The huge Amazon Alexa hit Word of the Day is now available as a podcast!
Word of the Day teaches you a useful word, its definition, etymology, and gives you examples of how to use it in a sentence. A new word each and every day! Perfect for those looking to expand their vocabulary, learning English and looking for a boost and anyone who loves words.
Conflagration is a noun that refers to a large, disastrous fire.
Our word of the day comes almost directly from the Latin word conflagare (con flah GAR ay) which simply means ‘fire.’ But a conflagration isn’t just a fire — it’s an out-of-control blaze that causes unintended damage. In other words, you wouldn’t use it to describe a bonfire or the small blaze in your fireplace.
It saddened me to see all the damage caused by the conflagration at the museum. There’s something dejecting about seeing all that beauty destroyed by one giant fire.
Lilliputian is an adjective that means small or petty.
Our word of the day comes from the Jonathan Swift novel Gulliver’s Travels as a reference to a tiny group of people roughly six inches tall. More recently the word may be used as a noun to refer to a small, petty thing or as an adjective. For example: I lost my nail clipper as we were climbing the mountain. But in the midst of such a monumental occurrence, we had no time for such lilliputian concerns.
Brume is a noun that refers to a mist or a fog.
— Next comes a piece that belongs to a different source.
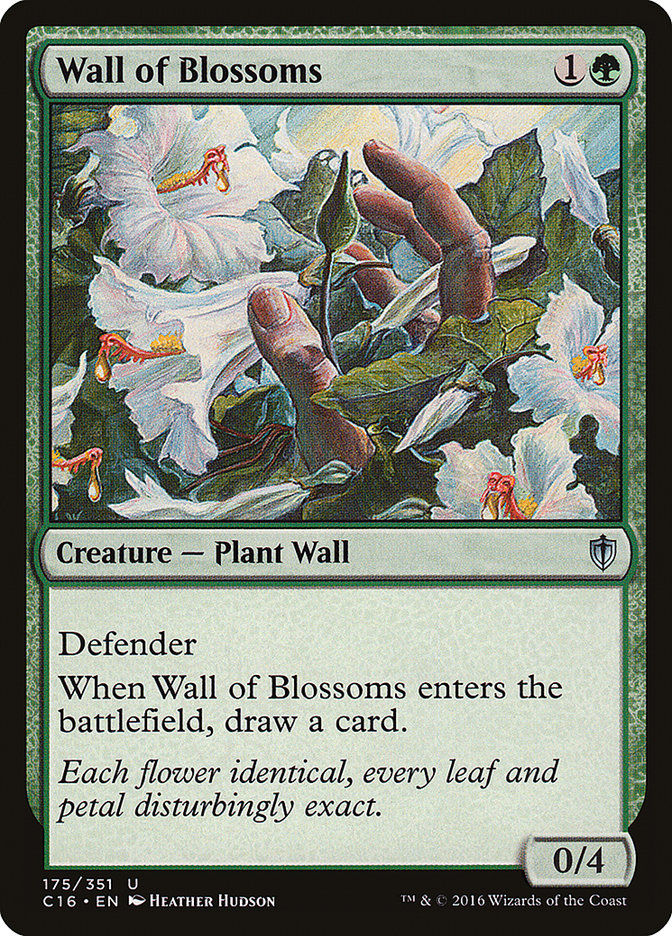 Wall of Blossoms (c16)
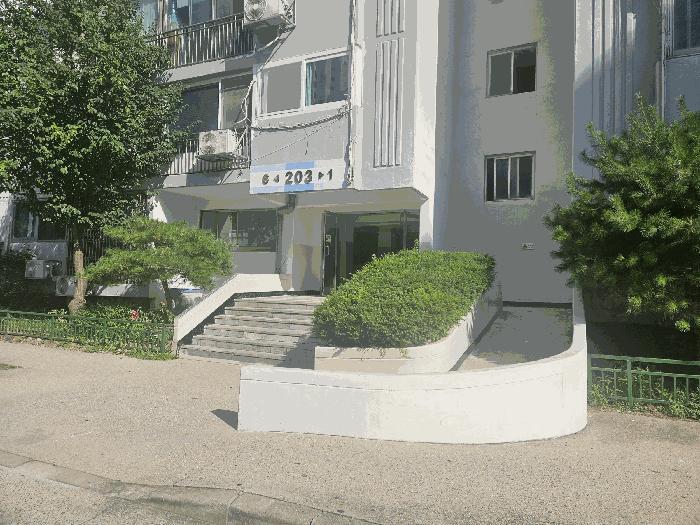 2025타경72822 법원경매 사진3 | 경기 의정부시 아파트 경매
The Latin word bruma (BROOM uh) means ‘winter.’ The word soon evolved to describe a fog or haze — something often seen in the winter. The view on the beach is usually lovely. But when that fog comes in, it has a tendency to obscure the waters and the distant shore. Nothing messes up a breathtaking view like a brume.
Gracile is an adjective that means slender.
Coming from the Latin word gracilis (GROTCH ee lease) which means ‘thin,’ our word of the day is a synonym of ‘lean’ or ‘slight.’
My daughter’s efforts to try out for the wrestling team didn’t work out so well. Having a petite, gracile body may be great for gymnastics, but it doesn’t help you much on the wrestling mat.
Clamber is a verb that means to climb awkwardly.
Deriving from Old English, our word of the day is often used to describe people climbing over or past obstacles like rocks. For example: For most of us having all those boxes laying around the office was a huge problem. But for Rhonda, all those years of mountain climbing made her an expert at clambering past obstacles.
Evanescent is an adjective that means vanishing like vapor.
Our word of the day is derived from the Latin word evanescent (ay ven uh SHENT) which means ‘to disappear.’ Evanescent may be used to refer to something that disappears in a literal sense or it can be used more figuratively as a synonym of ‘ephemeral’ or ‘temporary.’ For example: That recollection of our family singing around the fireplace at Christmas will stay with me forever. The moment itself may have been evanescent, but the memory is eternal.